__TASK DIRECTIONS__
Transcription, pictures excluded: write out the data below exactly.

__RECORDED DATA__
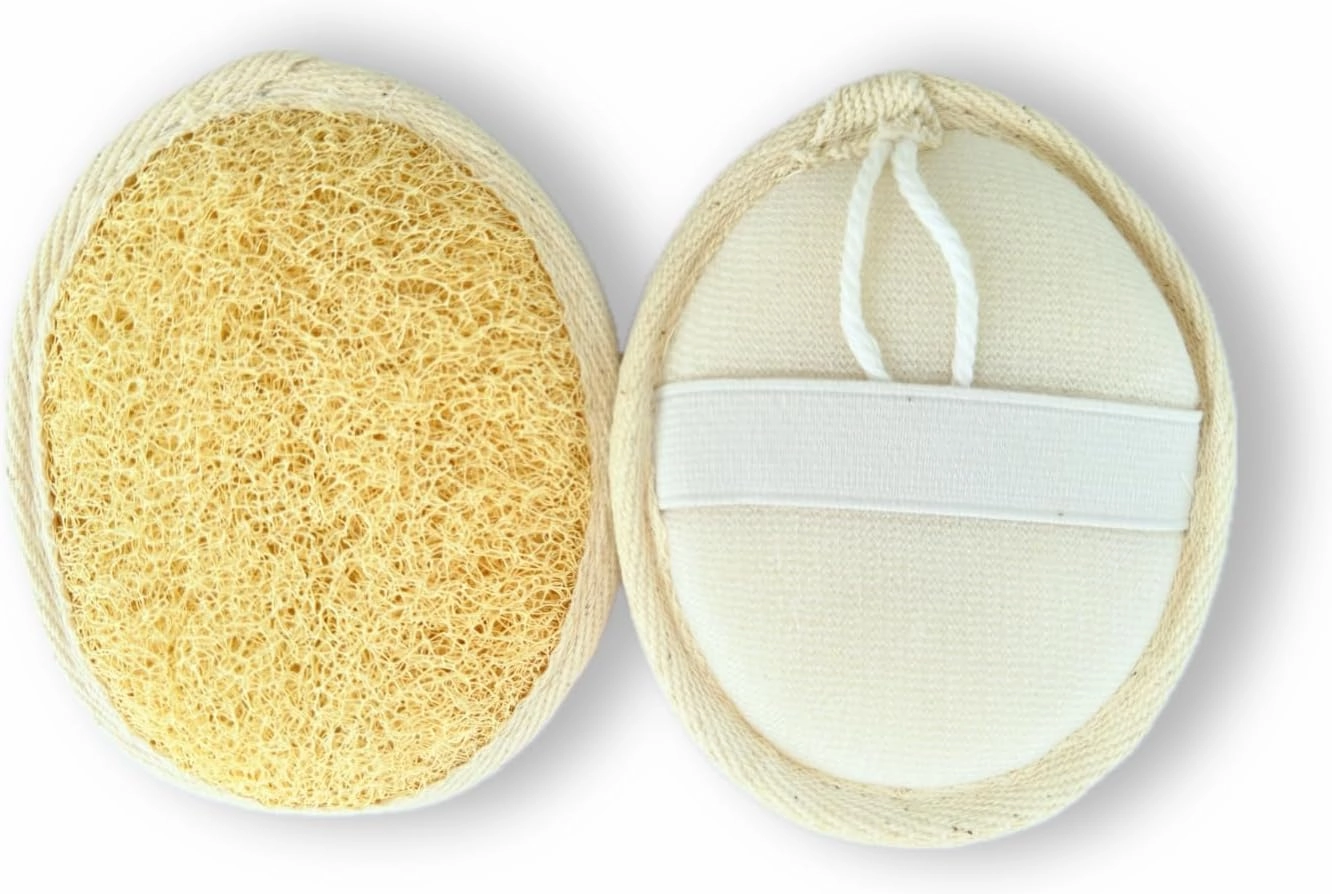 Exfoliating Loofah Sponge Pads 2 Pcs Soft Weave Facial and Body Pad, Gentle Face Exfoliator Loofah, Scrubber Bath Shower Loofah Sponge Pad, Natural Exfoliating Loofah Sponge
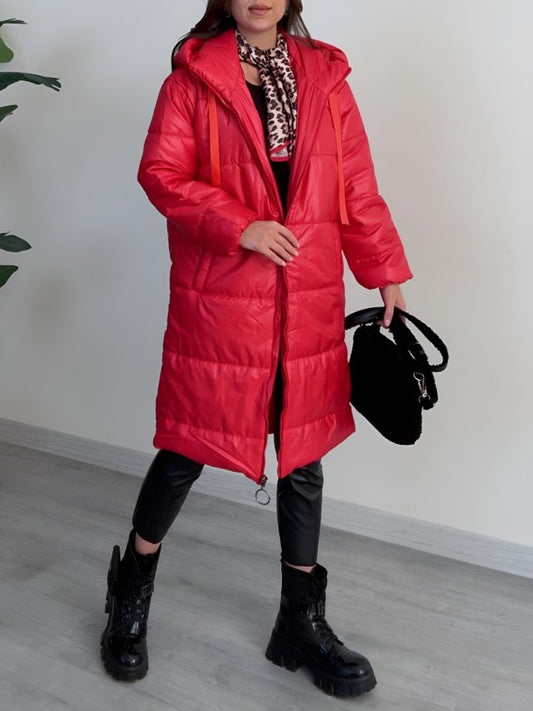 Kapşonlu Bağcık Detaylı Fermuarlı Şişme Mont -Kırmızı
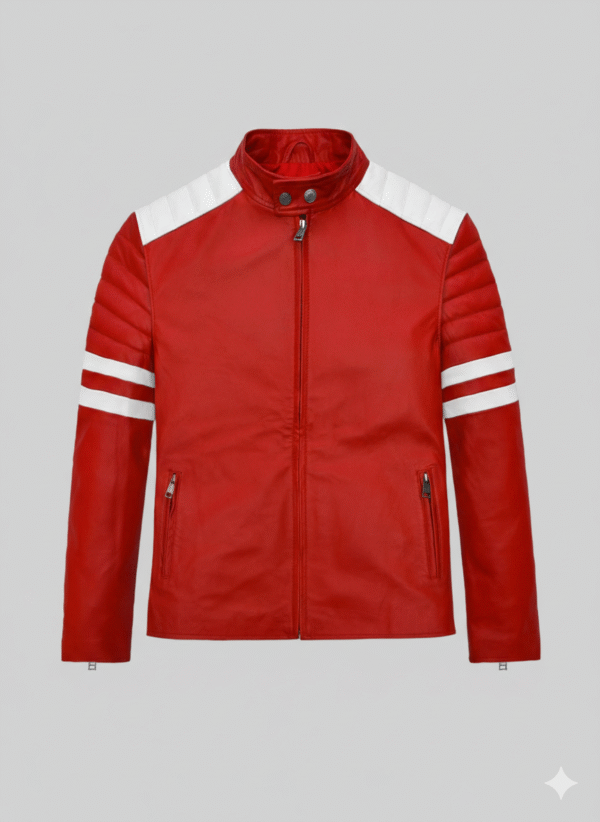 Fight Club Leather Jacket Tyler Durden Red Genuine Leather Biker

__RESULT FOR THIS EXERCISE__
 Exfoliating Loofah Sponge Pads 2 Pcs Soft Weave Facial and Body Pad, Gentle Face Exfoliator Loofah, Scrubber Bath Shower Loofah Sponge Pad, Natural Exfoliating Loofah Sponge
 Kapşonlu Bağcık Detaylı Fermuarlı Şişme Mont -Kırmızı
 Fight Club Leather Jacket Tyler Durden Red Genuine Leather Biker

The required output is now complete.